ヘロヘロ東京観劇旅行記


〈大まかなあらすじ〉

田舎住み観劇オタクの筆者は、ある舞台を見に行くため東京旅行へ。しかし出発前夜に急に嘔吐! 死にかけながら東京に向かい、そして帰ったこの悲しみを供養するために書いている旅行記である。

※一部不快な表現が入っている場合があります。
※私の気持ちを成仏させるためだけの文章です。
※旅行中、手洗い・消毒等感染対策は入念に行っています。

〈Prologue〉

ミュージカル「憂国のモリアーティ」シリーズが大好きだ。

「憂国のモリアーティ」は、集英社ジャンプスクエアで連載されている長編マンガである(第1部全19巻、現在は番外編の「憂国のモリアーティ-The Remains-」が連載中)。シャーロック・ホームズの宿敵であるジェームズ・モリアーティを主人公とし、モリアーティが操る華麗な犯罪を名探偵シャーロック・ホームズが追う推理ものであり、バトルものであり、そしてクソデカ感情マンガである。異論は認める。大好きだ。
そして本作を2.5次元ミュージカル化した、ミュージカル「憂国のモリアーティ」(通称モリミュ)は、2019年5月の初演を皮切りにほぼ毎年(コロナ禍でも!)上演が続けられ、2023年8~9月の5作目で一区切りを終えた。
私は2021年9月、無料配信されていた2作品をなんとなくみたことをきっかけに、即Blu-rayを集め、舐めるように見返し、CDも買って全曲歌えるようになり、2023年1月のOp.4は大阪3公演、8月のOp.5は大阪6公演を全通した。2.5舞台をほぼ見たことがなかったのにこの熱量である。みなさんも見てください。
しかし先述した通り、モリミュはOp.5を機にいったん一区切りがついてしまった。私はOp.6の続編もしくは5作品の再演を望んでいます。が……。今年夏にコンサートがあり、それも何らかの形で見るつもりではいるが、ジャンルを問わず演劇が好きな私としてはやはり舞台が見たい。

そんな中、ある舞台の情報が流れてきた。

「HIGH CARD the STAGE - CRACK A HAND」

「HIGH CARD」というアニメは以前から知っていて、見てはいなかったが世界観好きだし面白そうだなと思っていた。ふーん、2.5舞台になるんだーというくらいの気持ちだったが、私が戦慄したのはその後である。

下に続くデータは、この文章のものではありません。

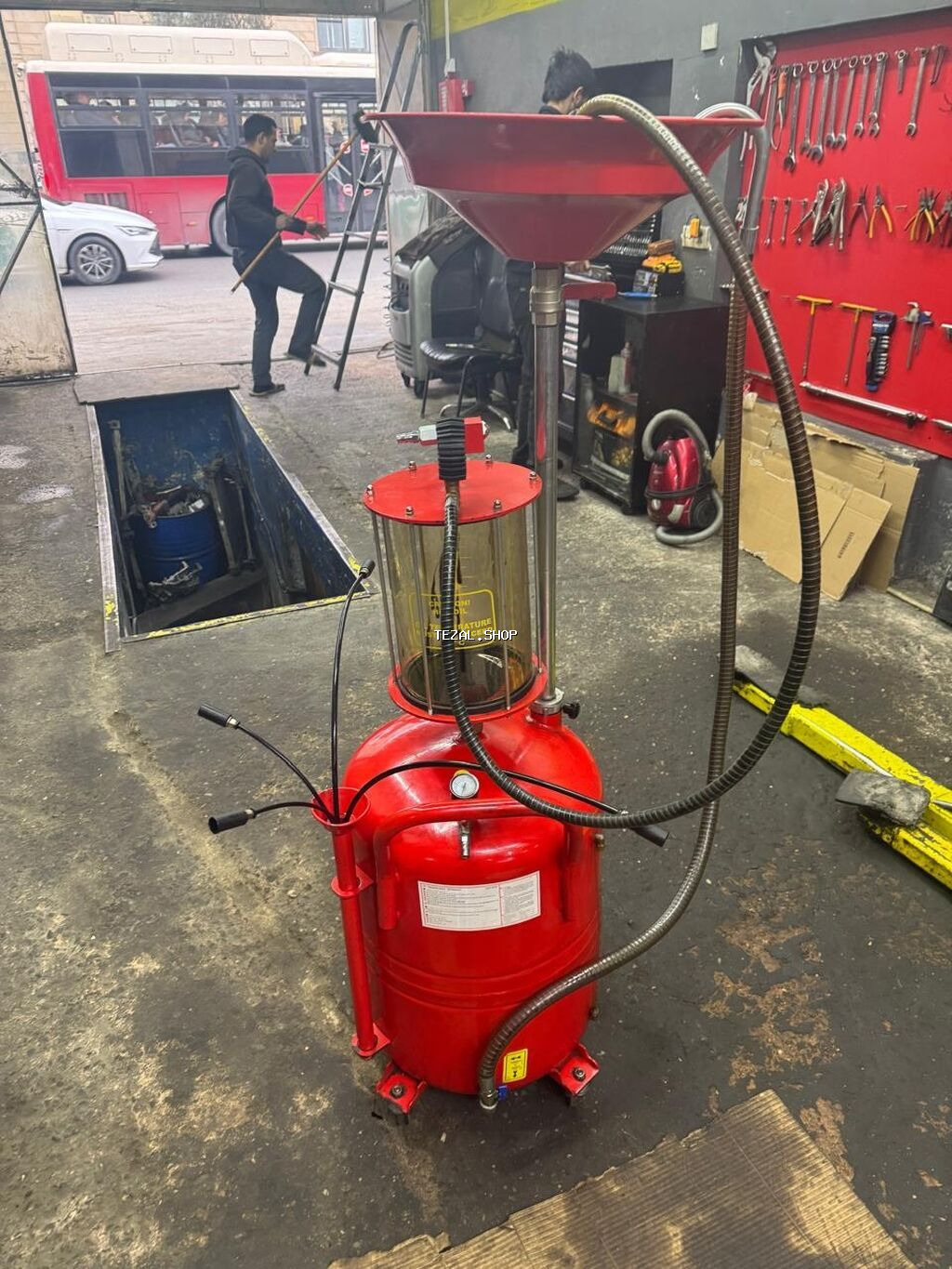 Pulwa yağ dəyişdirmə və istifadə olunmuş yağın toplanması aparatı - - şəkil 4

演出 山本一慶(ミュージカル「憂国のモリアーティ」ルイス・ジェームズ・モリアーティ役)
脚本 西森英行(ミュージカル「憂国のモリアーティ」脚本・演出)
音楽 ただすけ(ミュージカル「憂国のモリアーティ」音楽)

キャスト
フィン・オールドマン役 赤澤遼太郎(ミュージカル「憂国のモリアーティ」フレッド・ポーロック役)(※Op.1~3)
ウェンディ・サトー役 七木奏音(ミュージカル「憂国のモリアーティ」ミス・ハドソン役)
ノーマン・キングスタット役 久保田秀敏(ミュージカル「憂国のモリアーティ」アルバート・ジェームズ・モリアーティ役)

アンサンブルキャスト
竹内一喜・永咲友梨・若林佑太(ミュージカル「憂国のモリアーティ」アンサンブルキャスト)

怖い!!!!!
キャスタッフのモリミュ率が高すぎて逆に怖い。
いっけー(山本一慶さん)は役者としての姿しか見たことがなく、演出している舞台はこれまで見たことがなかったが、それらも高評価っぽいし、こんな布陣の舞台観なければ絶対後悔する。そのくらいモリミュのキャスタッフに信頼を置いている。
あと、ウェンディ・サトー役の七木奏音さまのキャラクタービジュアルに惚れた。

ということで、1月25日の夜公演、1月26日の昼公演のチケットを取った。東京行き決定である。
予習としてアニメ1期も全話見た。くぼひで(久保田秀敏)さんはモリミュでアルバート兄様というとても高潔な人物を演じてらっしゃるのだが、今回演じるというノーマン・キングスタットは見た目だけでなく挙動もめちゃくちゃ濃かった。楽しみだ。

〈1月24日〉

出発前日。大学の授業は午後に一つあるのみだったので、家にこもり、期待に胸を膨らませながら荷造りをしたり、当日の服のコーディネートをしたりした。気軽に行ける距離ではないので、服装にも気合が入る。最近Axes Femmeの服を友達から大量にもらったので、全身Axesのコーデになった。可愛くて最高。新しい靴も合わせて最高。

鏡が若干汚れているのはご愛嬌。

マニキュアも塗った。余談だが、私は全くじっとしていられないので、速乾ポリッシュの癖に手を動かしてはめちゃくちゃよれるのを繰り返し(そして生来の不器用さも災いし)、満足のいく出来になるまで3時間かかった。ただ塗っただけで別に難しいことはしていないのに3時間かかるってどうなんだ。でもかわいいので満足した。夜ごはんにはうどんすきと、祖母がくれたという牡蠣をチンして食べた。殻を開けると結構大ぶりだった。ここから悪夢が始まる。

〈1月24日(25日)深夜〉

荷造りもまあ一泊だけだからすぐ終わるし、明日は早いし、そろそろ寝るか……と床についてスマホをいじっていた深夜0時頃、突如吐き気が起こった。吐き気自体はそこまで珍しくないし、おおかたピルをちょっと適当に飲んだせいだな……と思った。最近新しいシート飲み始めたばっかりだったし。
結構つらめの吐き気だったが、吐き気止めを飲み、鼻呼吸を意識し、締め付けの強いパジャマのズボンを中学のジャージに履き替え、リラックスすることが大事だとネットに書いてあったので蒸気でほっとアイマスクをして根性で寝た。明日に響くし。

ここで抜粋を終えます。